In the 1930s, Ma Barker was said to be the mastermind behind the gang, which consisted of her sons and other men. Gang members robbed banks, killed, kidnapped, and hijacked with cold-blooded ruthlessness. At the time, Ma was in the nation's collective consciousness as a Most Wanted Woman, a harridan who presided over an evil empire. But modern history discounts that theory as something promoted by J. Edgar Hoover and the FBI.

Ma's full name was Arizona Clark Barker, but she used the name Kate. Three of her four sons were active in the famous gang along with other young men. She traveled with them and seems to have served as a protective cover. For example, she was the one who arranged to rent the rural hideaway on Lake Weir in Ocklawaha. But her full role remains murky, at least to me.

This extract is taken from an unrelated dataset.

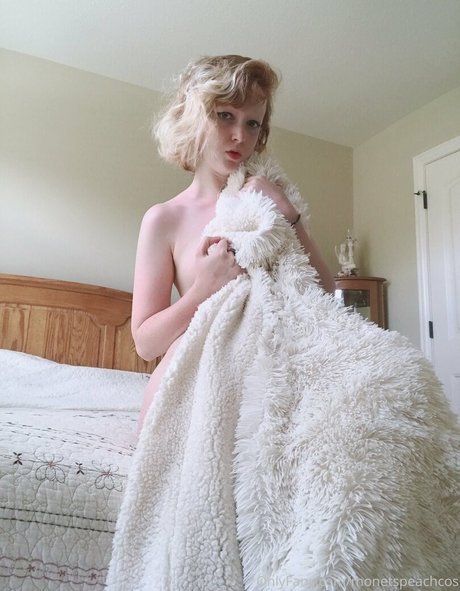 Honeybunnycos pornstar top photo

On the one hand, her four sons were in and out of trouble and prison, starting at young ages. Something was seriously amiss from the start in that household. Online sites that borrow heavily from one another portray her as an early version of today's helicopter parents. She thought her boys could do no wrong and she intervened with the law to save their hides more than once.

Face of Ma Barker
Ma  Barker
On the other hand, Ma's husband left her after the boys were grown. Like many another woman during the Great Depression, Ma seems to have done what was necessary to survive. Somehow that evolved into being a permanent member of a vicious gang. Yet one of the group's most notorious members - Alvin Karpis - wrote in a memoir that Ma was just a country woman who didn't have the smarts to organize kidnappings and bank robbings. He says gang members hid their activities from Ma. They'd leave her home or send her to the movies when they went out on a job. According to the Alcatraz History website, Karpis claims that "Ma saw a lot of movies."

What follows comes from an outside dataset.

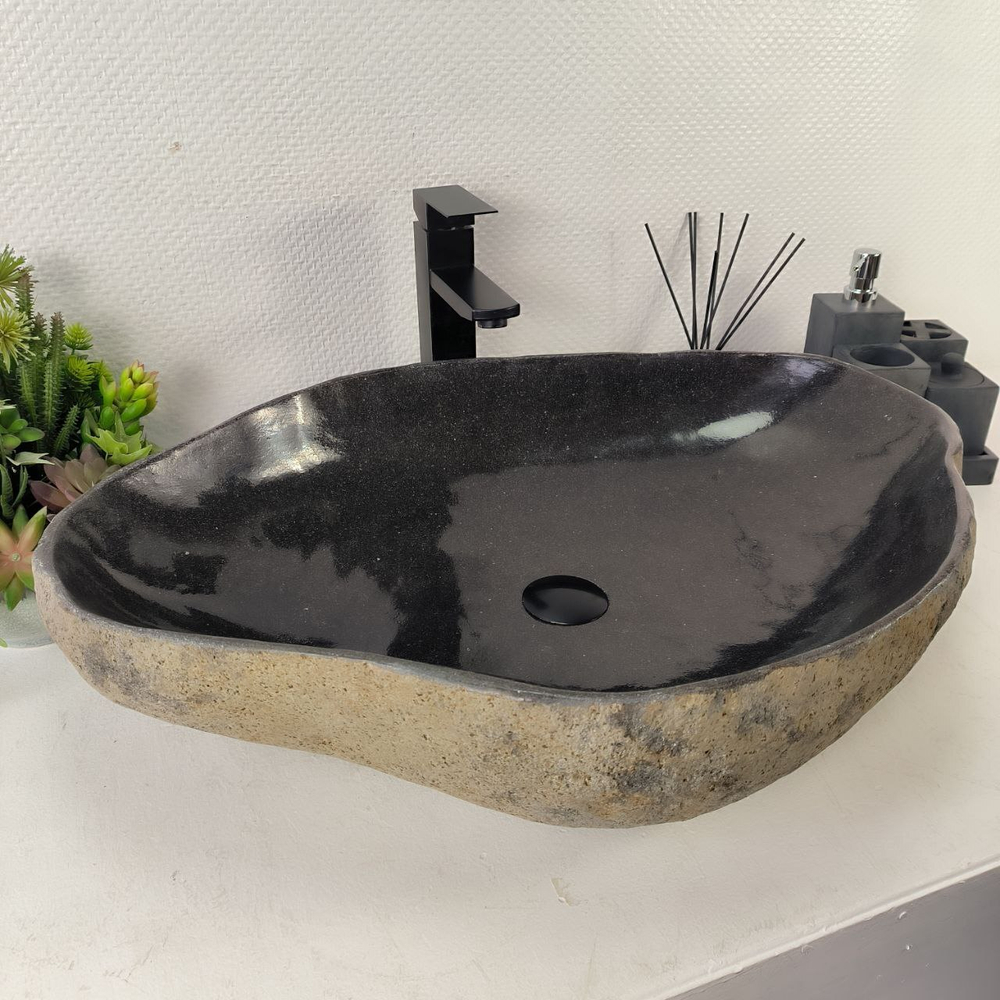 Раковина из речного камня RS-65044 68*48*15 0863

So who knows. Ma's true story is buried beneath lore, legend, and speculation. What is a known fact is that she and her son Fred were in the lakefront house in Ocklawaha the day the FBI came gunning. The other gang members had left for reasons unknown to me.

Ma and Fred refused to surrender. The gun battle lasted hours, and burned itself into local lore. With good reason! You see from the photo that Ocklawaha was about as small and quiet as a Florida town could get in that era. Having bank robbers, the FBI, and a Wild West shootout in town sent shockwaves through the region.

Among local residents who witnessed the shootout was the great-grandfather of Marion County Tax Collector George Albright III. In fact, the younger Albright grew up next to the famous house. He's done a  lot of research on the subject and is involved in the renovation effort, which included relocating the house to the Carney Island Recreation and Conservation Area in Ocklawaha.

Before, during, and after the project, stories surfaced about how Ma haunts the house. These recollections came from reputable people. Don't laugh. Read at least this article from the Tampa Bay Times before you decide to dismiss the idea.

If you prefer only verified facts, check out the treasure trove of shootout documents and photos collected in a presentation by Albright III and Carson Good, whose family owned the house. The PDF and an accompanying video are generously shared online. Go to the Online Forms page of the Marion County Tax Collector website and scroll down to the "Other" heading near the bottom of the page. There, you'll find links to "The Records and Legend of the Kate 'Ma' Barker Shootout at Ocklawaha."

After that, go visit and tour the house. If you dare.